Unraveling Downstream Gender Bias from Large Language Models: A Study on AI Educational Writing Assistance
This repository is the official implementation of the EMNLP Findings 2023 publication entitled "Unraveling Downstream Gender Bias from Large Language Models: A Study on AI Educational Writing Assistance" written by Thiemo Wambsganss*, Xiaotian Su*, Vinitra Swamy, Seyed Parsa Neshaei, Roman Rietsche, and Tanja Käser.
Large Language Models (LLMs) are increasingly utilized in educational tasks such as providing writing suggestions to students. Despite their potential, LLMs are known to harbor inherent biases which may negatively impact learners. Previous studies have investigated bias in models and data representations separately, neglecting the potential impact of LLM bias on human writing.
In this paper, we investigate how bias transfers through an AI writing support pipeline. We conduct a large-scale user study with 231 students writing business case peer reviews in German. Students are divided into five groups with different levels of writing support: one in-classroom group with recommender system feature-based suggestions and four groups recruited from Prolific -- a control group with no assistance, two groups with suggestions from fine-tuned GPT-2 and GPT-3 models, and one group with suggestions from pre-trained GPT-3.5. Using GenBit gender bias analysis, Word Embedding Association Tests (WEAT), and Sentence Embedding Association Test (SEAT) we evaluate the gender bias at various stages of the pipeline: in reviews written by students, in suggestions generated by the models, and in model embeddings directly. Our results demonstrate that there is no significant difference in gender bias between the resulting peer reviews of groups with and without LLM suggestions. Our research is therefore optimistic about the use of AI writing support in the classroom, showcasing a context where bias in LLMs does not transfer to students' responses.
-
Classroom study (Recommender System Writing Support):
G0
: Real-world data from a Swiss-German university classroom setting, who received feedback from a traditional feature-based recommender system.
-
(Online) Prolific study (LLM Writing Support):
G1
: a control group who received no writing support.G2
: received suggestions from finetuned GPT-2.G3
: received suggestions from finetuned GPT-3.G4
: received suggestions from pre-trained GPT-3.5.
-
GenBit
: GenBit analysis algorithms and gender pairs in German.
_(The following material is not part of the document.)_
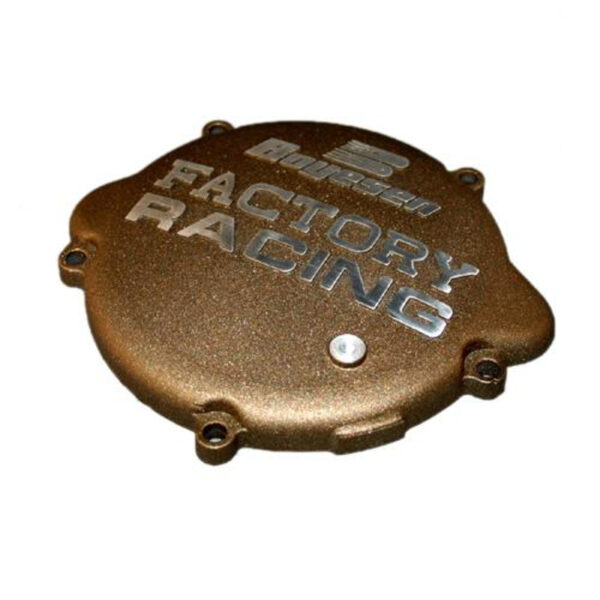 Boyesen Clutch Cover SX85 06-17 Magn.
Scripts are used directly from the following repo. -
SEAT
: SEAT test files, consisting of:english
: original SEAT test files in English. sent-weat1.jsonl to sent-weat8b.jsonl files from FairPy.german
: traslated SEAT test files in German (Translated with DeepL and manually examined and corrected by two German native speakers).
-
WEAT
: WEAT test results, consisiting of:finetuned_GPT_results
: results for each of 9 WEAT tests from the finetuned GPT 2 embeddings.GLOVE_embeddings_analysis
: results of training a GloVE model for each group.weat_cooccurence_analysis
: results of conducting a WEAT cooccurence analysis on the raw files for each group. The code used for this analysis is detailed in the COLING 2022 paper, "Bias at a Second Glance: A Deep Dive into Bias for German Educational Peer-Review Data Modeling" and the corresponding repository.
-
dataset
: anonymized reviews of Group 0 (classroom study), reviews, suggestions and demographics data for Group 1 to Group 4 (online prolific study).G0_G1_G2_G3_G4_reviews.csv
: reviews from G0 to G4.G0_reviews_raw.csv
: both original reviews scrapped from HTML and processed reviews of G0.G1_G2_G3_G4_by_user_reviews_suggestions.csv
: reviews, all received suggestions and suggestions accepted by participants of G1-G4.G1_G2_G3_G4_demographics.csv
: anonymized demographics data of G1-G4.G2_G3_G4_Suggestions.csv
: GPT version and suggestions of G2-G4.- Business Model description in German
-
notebooks
: Code for data cleaning, GenBit bias analysis and visualization.
The fine-tuned model is available here on HuggingFace.
This code is provided for educational purposes and aims to facilitate reproduction of our results, and further research in this direction. We have done our best to document, refactor, and test the code before publication.
If you find any bugs or would like to contribute new models, analyses, etc, please let us know. Feel free to file issues and pull requests on the repo and we will address them as we can.
If you find this code useful in your work, please cite our paper:
Wambsganss T., Su X., Swamy V., Neshaei S. P., Rietsche R., Käser T. (2023).
Unraveling Downstream Gender Bias from Large Language Models: A Study on AI Educational Writing Assistance.
In: Findings of the Association for Computational Linguistics (EMNLP 2023).
This code is free software: you can redistribute it and/or modify it under the terms of the MIT License.
This software is distributed in the hope that it will be useful, but without any warranty; without even the implied warranty of merchantability or fitness for a particular purpose. See the MIT License for details.